NRE account interest is tax-free in India while you are an NRI. The moment you return and become a resident, that benefit disappears.
Every year you do not invest through tax-efficient channels (NRE FDs, GIFT City products, equity mutual funds) is a year of tax-free compounding you will never get back.
FEMA compliance does not wait.
If you have not converted your resident account to NRE/NRO, every year of inaction is another year of potential FEMA violations stacking up.
The longer you wait, the messier the cleanup.
Return-to-India planning requires a runway.
Most NRIs plan to return to India eventually. Building a portfolio that transitions smoothly from NRI to RNOR to resident status takes years. If you start this planning 6 months before your flight, you are too late.
The NRIs who transition most tax-efficiently are the ones who started investing 5-10 years before returning. Read our return-to-India financial checklist to understand the timeline.
👉 Tip: Your NRI status is a temporary financial advantage. Tax-free NRE interest, favorable DTAA benefits, access to GIFT City products. These expire the day you become a resident. Use them while you have them.
"But What If Markets Crash Right After I Invest?"
This is the fear behind every delayed investment decision. And it is worth addressing directly.
Yes, markets crash. Indian equity markets have seen major corrections roughly every 5-7 years. The Sensex dropped 38% during COVID in March 2020. It fell over 50% during the 2008 financial crisis.
But here is what matters more: every single time, markets recovered and went on to make new highs.

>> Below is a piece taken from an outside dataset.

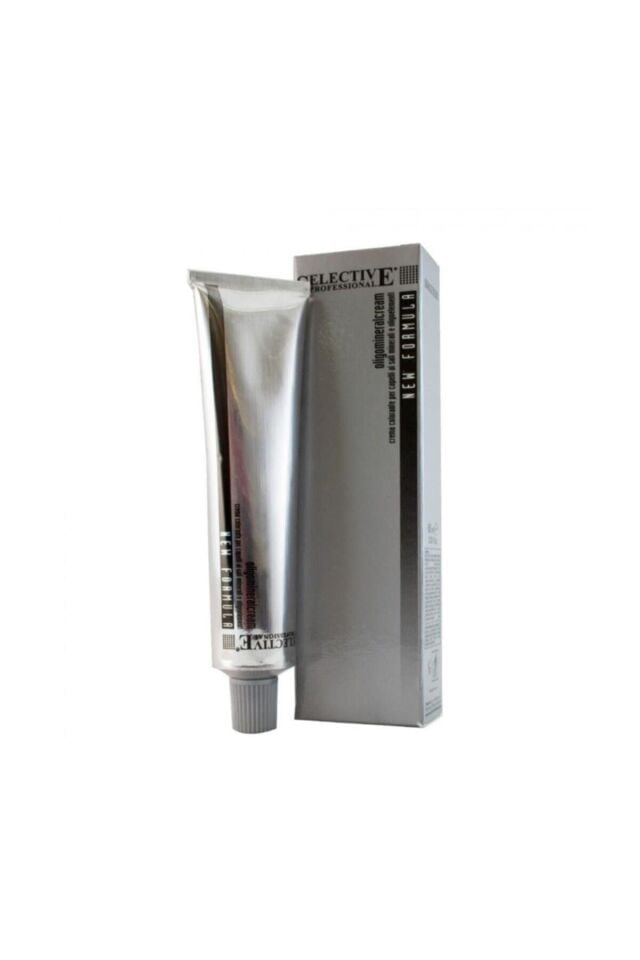 Selective Professional Selective 5,00 Açık Kestane Saç Boyası 60ml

The Sensex fell from 41,000 to 25,000 in March 2020. By 2024, it was above 75,000.
The investors who panicked and sold locked in their losses. The investors who stayed, or better yet continued their SIPs through the crash, built significant wealth.
This is not just theory. The data is consistent across decades and across countries.
For SIP investors specifically, crashes are actually helpful. When markets drop, your fixed monthly SIP buys more units at lower prices. When markets recover, those extra units amplify your returns.
This is called rupee cost averaging, and it is the single most powerful argument for starting a SIP today instead of waiting for the "right" moment.
The math is straightforward. If you invest ₹15,000 per month in an equity SIP:
Starting today (assuming 12% average annual return): After 15 years, you accumulate roughly ₹75 lakh.
Starting 3 years later with the same monthly amount for 12 years: You accumulate roughly ₹49 lakh.
The 3-year delay costs you ₹26 lakh. Not because markets did anything unusual. Simply because compounding had less time to work.
No amount of "timing the market" can reliably make up for that lost time. As the saying goes: time in the market beats timing the market. The DALBAR data proves this year after year: investors who guessed correctly on market direction did so only 25% of the time in 2024, tying a record low.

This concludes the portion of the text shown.